In an attempt to turn pain into art, I wrote this five days after learning that my only living grandparent might pass and I cannot go to see her. Missing the passing of a loved one is a common immigrant struggle. Most of us cannot just catch a flight back home. The work of obtaining a visa to travel, taking leave from work and buying an expensive plane ticket is all a complex ordeal.
Once I found out that I could not go back home to see her for the last time, I started to soothe myself. In my eight years of living away from home, I have perfected the process of self-soothing. Even after taking a hot shower, offering namaz and making keema sandwiches for myself, I felt a baseball-sized lump in my chest.
Crying, I thought to myself, has always soothed me, and so I cried. Thanking my stars that I had saved some hundred videos of my dadi — the word for grandma in Hindi — in my Snapchat memories over the years, I went through them. Drops of tears turned into streams. The videos triggered a flashback of when she wanted to try every filter on Snapchat, how she clapped her hands and laughed when the filter turned her face into a baby’s.
Razia Jalali was born in the 1930s in Uttar Pradesh, India. During a time when people thought only the uncultured folk sent their daughters to school, she earned a bachelor’s degree. She did not work after marrying, but the point of studying was never to earn money, she had told me. She studied to gain knowledge and pass it on to her family.
With 9 children and 19 grandchildren, she took many opportunities to pass her knowledge on. In my absolute favorite picture of her, she is using a magnifying glass to read a book, capturing her insatiable thirst to learn. From history and health to housekeeping, she gave us lessons on everything. She taught me the basics of arithmetic and how to sew a button.
Sitting next to her feet in a circle peeling peas, me and my girl cousins would often talk about how we would never do the housework when we got married because we’re feminists. She overheard and said, “Angrezi baatein sunne se sirf angerzo ka fayda hota hai,” which loosely translates to foreign ideas serve foreigners best.

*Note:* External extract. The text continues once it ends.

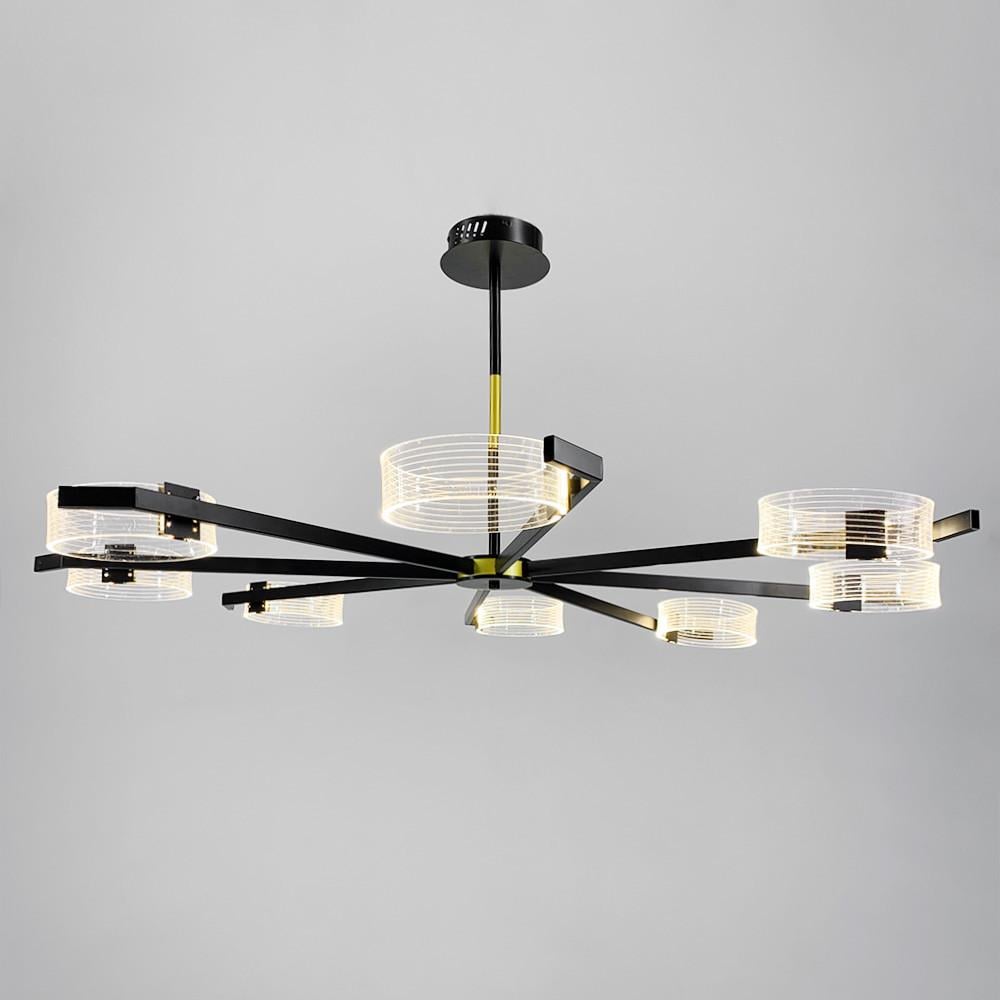 Люстра дизайнерская с акриловыми кругами на 3 режима освещения (J1828/8)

Shortly after, I was accepted into Stony Brook and came to America. After taking a few women’s and gender studies classes, I gained the wrong kind of confidence in my education. It’s tough to admit, but I thought I was better than other people because I read a few books and I could not wait to “enlighten” my dadi with what I had learned when I returned home to India to visit.
As I entered Dadi’s house, I saw her talking to a woman who sweeps the street outside her home in the morning. Dadi was pressing a few 500 rupee bills in her palm whispering something to her. Thanking Dadi, the woman quickly left. Dadi told us how that woman needed help to escape from her husband, to which my dad replied, “I can give her a job at my company.” My dadi quickly said, “Sabki zarurat ka hal ek jaisa nahi hota” — one kind of solution does not work for everyone. It took dedicated professors years to teach me what my dadi already practiced in her everyday life: feminism with class consciousness. If I had spent time observing my grandma, I would’ve learned tangible ways to help people in my community. A new job at a company is not a valuable resource for a woman who is dependent on an abusive, controlling partner. Dadi offered the woman a room in her home and a job to tend to her garden.
While plaiting hair, pickling lemons, washing clothes and whispering jokes to each other, women in Lucknow who had never studied feminism practiced it aggressively in their everyday lives. They shared resources, information and advice with each other.
The feminist ideals that drew me to the West had always been with me, if only I took the time to observe.
When I was young, I used to think America was the gold standard for education and human progress. I aspired to migrate to America and work for my own golden stamp of approval, but somewhere between then and now, I realized the hollowness of that pursuit. My values, my family and my culture were not made to fit into the Western idea of normalcy. The history of my existence is golden with or without America’s approval. I felt confident in myself for intellectualizing the struggles of women of color through theory and academia while women who lived and navigated through that reality could not feel confident in themselves. After all the lessons I learnt from books, professors, friends and strangers, the ones taught to me by Dadi are still the light that helps me navigate life.